Note to users. If you're seeing this message, it means that your browser cannot find this page's style/presentation instructions -- or possibly that you are using a browser that does not support current Web standards. Find out more about why this message is appearing, and what you can do to make your experience of our site the best it can be.

Sci. STKE, 14 August 2001
Vol. 2001, Issue 95, p. tw7
[DOI: 10.1126/stke.2001.95.tw7]


Transcription Acetylation Flips the Transcription Switch

Cells respond to external challenges such as viral infection by adjusting gene expression. Viral infection activates the expression of interferon-β (INF-β) via a protein complex, termed the enhanceosome, that forms on the gene's promoter. The interferon enhanceosome recruits two acetyltransferases, PCAF and CBP, that not only acetylate the histone components of nucleosomes but also acetylate the enhanceosome itself. Munshi et al. (see the Perspective by Struhl) report that PCAF acetylation of the enhanceosome protein HMG-I at the Lys71 residue stabilizes the enhancesome and protects it from CBP acetylation. However, acetylation of HMG-I by CBP at Lys65 leads to the dissociation of the enhanceosome from the DNA molecule. Therefore, the enhanceosome is a dynamic complex that is acted upon by competing acetylations to create a switch that turns transcription on or off.

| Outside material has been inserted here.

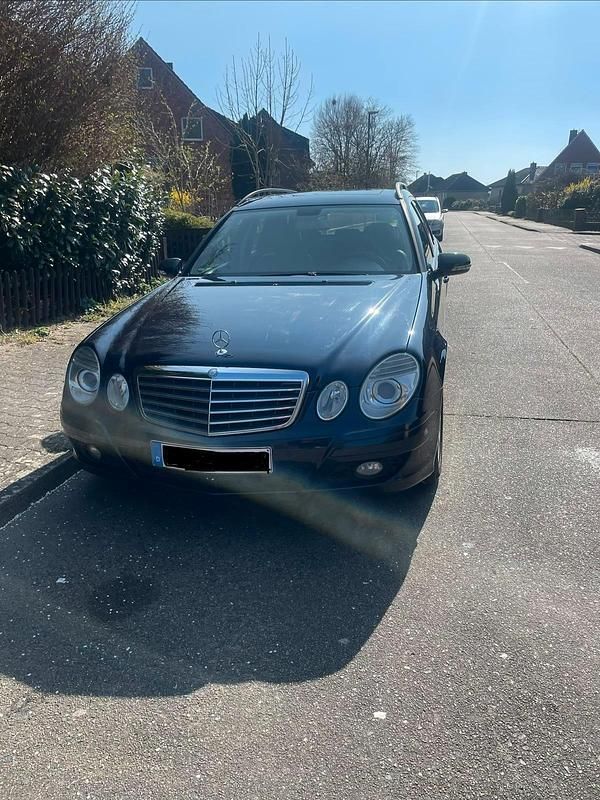 Usata Mercedes E280 2006 Blu Station wagon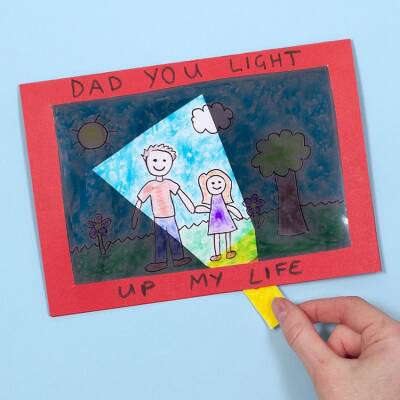 ‘You Light Up My Life’ Card craft activity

N. Munshi, T. Agalioti, S. Lomvardas, M. Merika, G. Chen, D. Thanos, Coordination of a transcriptional switch by HMGI(Y) acetylation. Science 293, 1133-1136 (2001). [Abstract] [Full Text]

K. Struhl, A paradigm for precision. Science 293, 1054-1055 (2001). [Full Text]

Citation: Acetylation Flips the Transcription Switch. Sci. STKE 2001, tw7 (2001).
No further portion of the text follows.